Stories about life in Liddonfield housing project and its impact on the Northeast Philadelphia neighborhood of Upper Holmesburg. These true stories reveal how government policy affected the lives of real people, from the project residents to area homeowners during the 5 decades of Liddonfield’s existence. Stories and articles post on most Mondays and are written by a former resident of the project.
Aug 16, 2010
Does Religion Cause Poverty? Conclusion
Mom pointed out that there was a civil war going on in the north of Ireland and I could very well get bombed to pieces. I said I’d join whatever side would get me the hell out of here. I was more frightened of having state control over my reproduction than I was of any civil war. Mom knew how headstrong and determined I could be.

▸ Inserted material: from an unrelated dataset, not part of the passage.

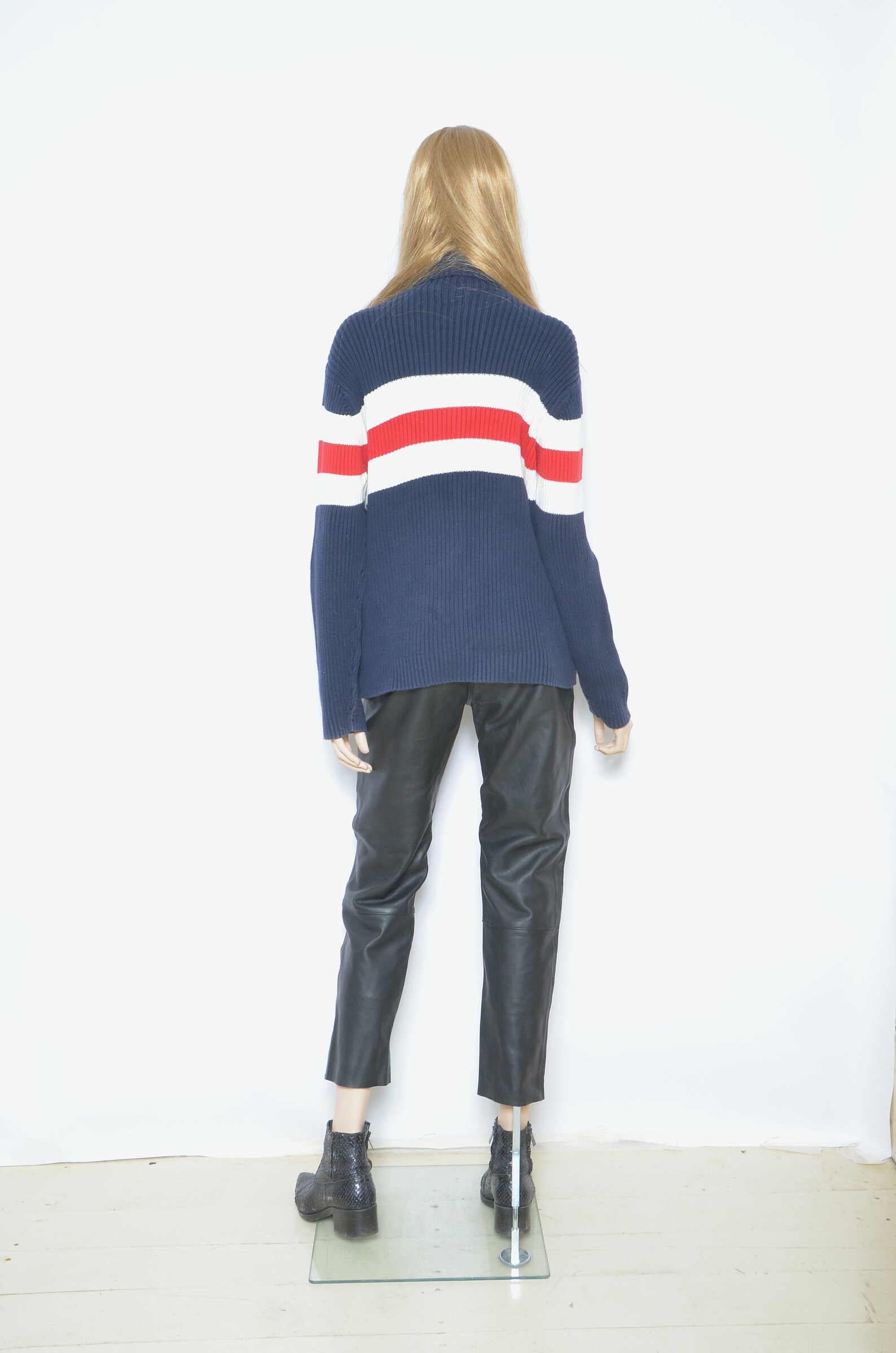 tommy hilfiger ribbed turtleneck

I meant every word and would have surely done whatever it took to get back to America.
Mom said she couldn’t take it if I disappeared on her again. Then she suddenly stopped stating her case. Dad wasn’t adapting very well, either, she said, and that maybe it had been a mistake coming here. I agreed not to do anything rash until my parents had a chance to think it over and come to some alternative plan. I slept more soundly that night, relieved that I wouldn’t have to make my way through the war-torn north.
The next morning, I sat with my mother at the kitchen table, watching the cows through the window. The farmer had placed a bull in with the herd. It was mating with one of the cows. I never knew a bull could stand up on two feet like that. “Well, are we going back to America?” I asked Mom.
“Not exactly,” she replied, “What do you think about living in England?” Mom said England was more modern and a lot like America. We had relatives there who could help us get settled. One of our relatives knew a friend of a friend who had connections with the Housing Board, or whatever it was called (Their version of Housing and Urban Development). I agreed to give it a try. Mom wrote some letters and upon our arrival in England we moved into “social housing.” That is the British version of a housing project.
This concludes the series, Does Religion Cause Poverty? The conclusion is purposely open-ended, defying traditional (and restrictive) journalistic style. This is more of a personal narrative with a political bent. It does not strive to follow acceptable norms nor portray neutrality. Its purpose is to show from true life how the poor are affected by religious institutions.